Data —
----

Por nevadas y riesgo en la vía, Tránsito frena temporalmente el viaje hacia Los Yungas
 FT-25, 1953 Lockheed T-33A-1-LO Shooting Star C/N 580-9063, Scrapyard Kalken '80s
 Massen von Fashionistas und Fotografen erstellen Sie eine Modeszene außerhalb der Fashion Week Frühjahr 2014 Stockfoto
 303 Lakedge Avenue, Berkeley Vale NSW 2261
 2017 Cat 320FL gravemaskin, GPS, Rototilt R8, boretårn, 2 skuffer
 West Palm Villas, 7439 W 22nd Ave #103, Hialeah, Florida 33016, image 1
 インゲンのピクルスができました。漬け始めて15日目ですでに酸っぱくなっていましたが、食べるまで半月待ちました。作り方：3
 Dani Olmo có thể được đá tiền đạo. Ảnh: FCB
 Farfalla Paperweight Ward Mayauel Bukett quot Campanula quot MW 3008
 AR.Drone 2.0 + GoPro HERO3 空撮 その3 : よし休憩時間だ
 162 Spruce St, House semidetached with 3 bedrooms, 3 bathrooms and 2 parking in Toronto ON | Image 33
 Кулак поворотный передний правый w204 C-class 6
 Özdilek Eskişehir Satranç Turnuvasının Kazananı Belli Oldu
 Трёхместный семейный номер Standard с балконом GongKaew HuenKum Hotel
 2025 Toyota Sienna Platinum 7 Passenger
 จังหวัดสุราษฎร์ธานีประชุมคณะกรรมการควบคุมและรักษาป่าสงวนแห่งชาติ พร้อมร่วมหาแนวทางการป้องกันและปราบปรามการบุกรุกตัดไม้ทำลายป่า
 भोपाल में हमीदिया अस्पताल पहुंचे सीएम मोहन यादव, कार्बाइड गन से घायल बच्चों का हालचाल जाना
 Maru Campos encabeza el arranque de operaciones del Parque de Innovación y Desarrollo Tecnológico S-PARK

----

Activity —
Reproduce the whole of the records exactly, so that no line differs from the source above.

Task result —
Por nevadas y riesgo en la vía, Tránsito frena temporalmente el viaje hacia Los Yungas
 FT-25, 1953 Lockheed T-33A-1-LO Shooting Star C/N 580-9063, Scrapyard Kalken '80s
 Massen von Fashionistas und Fotografen erstellen Sie eine Modeszene außerhalb der Fashion Week Frühjahr 2014 Stockfoto
 303 Lakedge Avenue, Berkeley Vale NSW 2261
 2017 Cat 320FL gravemaskin, GPS, Rototilt R8, boretårn, 2 skuffer
 West Palm Villas, 7439 W 22nd Ave #103, Hialeah, Florida 33016, image 1
 インゲンのピクルスができました。漬け始めて15日目ですでに酸っぱくなっていましたが、食べるまで半月待ちました。作り方：3
 Dani Olmo có thể được đá tiền đạo. Ảnh: FCB
 Farfalla Paperweight Ward Mayauel Bukett quot Campanula quot MW 3008
 AR.Drone 2.0 + GoPro HERO3 空撮 その3 : よし休憩時間だ
 162 Spruce St, House semidetached with 3 bedrooms, 3 bathrooms and 2 parking in Toronto ON | Image 33
 Кулак поворотный передний правый w204 C-class 6
 Özdilek Eskişehir Satranç Turnuvasının Kazananı Belli Oldu
 Трёхместный семейный номер Standard с балконом GongKaew HuenKum Hotel
 2025 Toyota Sienna Platinum 7 Passenger
 จังหวัดสุราษฎร์ธานีประชุมคณะกรรมการควบคุมและรักษาป่าสงวนแห่งชาติ พร้อมร่วมหาแนวทางการป้องกันและปราบปรามการบุกรุกตัดไม้ทำลายป่า
 भोपाल में हमीदिया अस्पताल पहुंचे सीएम मोहन यादव, कार्बाइड गन से घायल बच्चों का हालचाल जाना
 Maru Campos encabeza el arranque de operaciones del Parque de Innovación y Desarrollo Tecnológico S-PARK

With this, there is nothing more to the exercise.